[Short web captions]
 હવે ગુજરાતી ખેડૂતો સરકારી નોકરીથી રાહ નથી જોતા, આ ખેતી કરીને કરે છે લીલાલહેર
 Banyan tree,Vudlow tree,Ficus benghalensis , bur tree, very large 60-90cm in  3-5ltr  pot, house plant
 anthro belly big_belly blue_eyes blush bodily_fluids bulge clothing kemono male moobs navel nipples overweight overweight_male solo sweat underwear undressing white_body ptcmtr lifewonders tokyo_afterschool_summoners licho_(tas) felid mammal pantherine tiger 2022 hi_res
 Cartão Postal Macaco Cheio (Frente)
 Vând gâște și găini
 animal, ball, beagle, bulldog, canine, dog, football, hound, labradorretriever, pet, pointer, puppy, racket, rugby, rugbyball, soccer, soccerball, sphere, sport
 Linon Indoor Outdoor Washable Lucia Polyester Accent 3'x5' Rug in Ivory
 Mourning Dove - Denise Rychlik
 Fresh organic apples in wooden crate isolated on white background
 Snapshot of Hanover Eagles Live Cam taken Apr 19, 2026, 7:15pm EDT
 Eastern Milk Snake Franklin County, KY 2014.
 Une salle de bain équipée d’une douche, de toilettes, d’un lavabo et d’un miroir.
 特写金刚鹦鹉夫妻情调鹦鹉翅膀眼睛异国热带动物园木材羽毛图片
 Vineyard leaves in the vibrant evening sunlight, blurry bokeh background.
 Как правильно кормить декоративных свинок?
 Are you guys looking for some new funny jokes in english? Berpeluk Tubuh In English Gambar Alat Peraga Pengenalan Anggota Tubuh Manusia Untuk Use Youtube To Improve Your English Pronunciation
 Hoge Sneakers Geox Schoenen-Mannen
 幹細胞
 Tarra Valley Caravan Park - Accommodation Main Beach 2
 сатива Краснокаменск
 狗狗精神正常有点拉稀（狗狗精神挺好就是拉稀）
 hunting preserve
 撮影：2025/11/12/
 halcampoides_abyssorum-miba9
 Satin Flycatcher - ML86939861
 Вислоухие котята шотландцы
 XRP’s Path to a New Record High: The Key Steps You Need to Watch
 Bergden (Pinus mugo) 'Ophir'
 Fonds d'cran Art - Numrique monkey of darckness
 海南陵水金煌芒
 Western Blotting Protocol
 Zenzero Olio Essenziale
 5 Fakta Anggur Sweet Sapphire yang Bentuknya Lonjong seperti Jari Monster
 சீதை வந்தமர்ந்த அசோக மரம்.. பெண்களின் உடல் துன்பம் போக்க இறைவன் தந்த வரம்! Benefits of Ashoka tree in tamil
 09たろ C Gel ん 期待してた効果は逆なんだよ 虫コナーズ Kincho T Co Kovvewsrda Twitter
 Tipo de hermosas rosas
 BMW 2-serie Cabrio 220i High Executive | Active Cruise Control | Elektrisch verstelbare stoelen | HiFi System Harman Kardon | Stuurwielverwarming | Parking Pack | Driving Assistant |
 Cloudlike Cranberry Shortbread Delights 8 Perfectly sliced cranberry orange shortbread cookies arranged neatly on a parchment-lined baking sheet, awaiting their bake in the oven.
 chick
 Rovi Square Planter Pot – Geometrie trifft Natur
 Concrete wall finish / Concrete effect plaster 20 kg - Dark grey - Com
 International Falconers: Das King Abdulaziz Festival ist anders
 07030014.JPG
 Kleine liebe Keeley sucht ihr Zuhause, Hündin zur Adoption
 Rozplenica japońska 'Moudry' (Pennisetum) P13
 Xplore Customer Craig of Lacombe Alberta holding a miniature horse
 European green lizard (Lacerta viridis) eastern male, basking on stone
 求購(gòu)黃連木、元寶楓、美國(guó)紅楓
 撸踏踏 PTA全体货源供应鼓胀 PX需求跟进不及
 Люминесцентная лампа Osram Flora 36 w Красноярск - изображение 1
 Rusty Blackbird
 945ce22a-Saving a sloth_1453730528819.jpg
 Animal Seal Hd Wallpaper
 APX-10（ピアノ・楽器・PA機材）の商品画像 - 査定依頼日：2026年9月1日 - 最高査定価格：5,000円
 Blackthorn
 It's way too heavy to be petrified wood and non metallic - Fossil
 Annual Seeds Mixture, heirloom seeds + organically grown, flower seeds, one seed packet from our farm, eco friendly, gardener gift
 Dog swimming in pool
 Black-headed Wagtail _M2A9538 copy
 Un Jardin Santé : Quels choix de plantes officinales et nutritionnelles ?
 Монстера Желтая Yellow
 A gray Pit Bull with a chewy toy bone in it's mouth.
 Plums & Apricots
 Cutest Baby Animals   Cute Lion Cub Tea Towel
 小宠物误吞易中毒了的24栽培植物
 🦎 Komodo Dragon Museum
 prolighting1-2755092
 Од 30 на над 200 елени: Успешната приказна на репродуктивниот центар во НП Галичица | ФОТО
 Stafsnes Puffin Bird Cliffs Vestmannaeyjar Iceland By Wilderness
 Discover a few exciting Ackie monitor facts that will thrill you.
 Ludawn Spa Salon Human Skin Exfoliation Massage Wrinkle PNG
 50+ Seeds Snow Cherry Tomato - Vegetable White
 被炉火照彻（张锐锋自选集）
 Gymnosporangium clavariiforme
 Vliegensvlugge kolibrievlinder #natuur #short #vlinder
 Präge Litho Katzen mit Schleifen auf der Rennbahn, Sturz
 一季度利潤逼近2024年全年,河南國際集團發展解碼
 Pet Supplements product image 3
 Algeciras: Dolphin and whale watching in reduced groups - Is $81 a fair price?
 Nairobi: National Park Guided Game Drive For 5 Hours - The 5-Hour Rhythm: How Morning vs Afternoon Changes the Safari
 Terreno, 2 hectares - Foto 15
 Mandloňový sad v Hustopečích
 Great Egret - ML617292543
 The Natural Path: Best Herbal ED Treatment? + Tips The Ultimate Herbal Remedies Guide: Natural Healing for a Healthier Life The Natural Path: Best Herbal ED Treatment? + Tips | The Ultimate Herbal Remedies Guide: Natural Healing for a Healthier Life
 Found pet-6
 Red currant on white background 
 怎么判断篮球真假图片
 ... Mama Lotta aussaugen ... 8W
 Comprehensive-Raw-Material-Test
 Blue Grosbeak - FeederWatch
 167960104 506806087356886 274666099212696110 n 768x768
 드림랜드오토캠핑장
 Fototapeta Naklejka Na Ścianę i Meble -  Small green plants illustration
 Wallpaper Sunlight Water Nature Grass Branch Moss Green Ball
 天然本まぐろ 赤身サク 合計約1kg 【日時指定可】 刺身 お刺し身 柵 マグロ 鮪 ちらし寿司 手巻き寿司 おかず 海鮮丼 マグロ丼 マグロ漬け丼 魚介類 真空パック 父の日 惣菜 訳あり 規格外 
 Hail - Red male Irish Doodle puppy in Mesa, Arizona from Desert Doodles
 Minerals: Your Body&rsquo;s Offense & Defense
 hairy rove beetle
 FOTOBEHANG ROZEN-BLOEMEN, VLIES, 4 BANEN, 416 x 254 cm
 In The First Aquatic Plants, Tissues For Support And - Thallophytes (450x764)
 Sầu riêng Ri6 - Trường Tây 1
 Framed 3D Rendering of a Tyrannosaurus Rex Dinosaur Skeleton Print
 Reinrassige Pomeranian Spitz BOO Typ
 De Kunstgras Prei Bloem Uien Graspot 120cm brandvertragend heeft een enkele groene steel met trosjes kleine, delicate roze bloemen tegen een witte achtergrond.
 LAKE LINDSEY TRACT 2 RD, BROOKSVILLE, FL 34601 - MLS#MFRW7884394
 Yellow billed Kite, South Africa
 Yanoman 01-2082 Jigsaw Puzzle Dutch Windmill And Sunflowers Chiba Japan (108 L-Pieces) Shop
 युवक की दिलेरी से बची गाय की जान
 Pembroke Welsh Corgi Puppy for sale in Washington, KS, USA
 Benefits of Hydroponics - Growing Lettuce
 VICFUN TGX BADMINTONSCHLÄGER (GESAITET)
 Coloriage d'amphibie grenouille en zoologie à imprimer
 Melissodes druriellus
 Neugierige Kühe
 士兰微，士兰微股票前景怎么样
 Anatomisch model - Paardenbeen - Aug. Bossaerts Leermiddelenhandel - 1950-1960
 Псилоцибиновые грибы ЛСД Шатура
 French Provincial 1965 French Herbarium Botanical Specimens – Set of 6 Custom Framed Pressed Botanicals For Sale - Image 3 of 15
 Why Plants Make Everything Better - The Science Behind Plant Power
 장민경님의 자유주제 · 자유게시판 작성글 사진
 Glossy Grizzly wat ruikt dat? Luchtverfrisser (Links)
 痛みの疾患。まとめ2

(Work task): Write out, without alteration, the line that contains "士兰微，士兰微股票前景怎么样" and all subsequent lines down to the end of the data above.

(Response for this exercise):
 士兰微，士兰微股票前景怎么样
 Anatomisch model - Paardenbeen - Aug. Bossaerts Leermiddelenhandel - 1950-1960
 Псилоцибиновые грибы ЛСД Шатура
 French Provincial 1965 French Herbarium Botanical Specimens – Set of 6 Custom Framed Pressed Botanicals For Sale - Image 3 of 15
 Why Plants Make Everything Better - The Science Behind Plant Power
 장민경님의 자유주제 · 자유게시판 작성글 사진
 Glossy Grizzly wat ruikt dat? Luchtverfrisser (Links)
 痛みの疾患。まとめ2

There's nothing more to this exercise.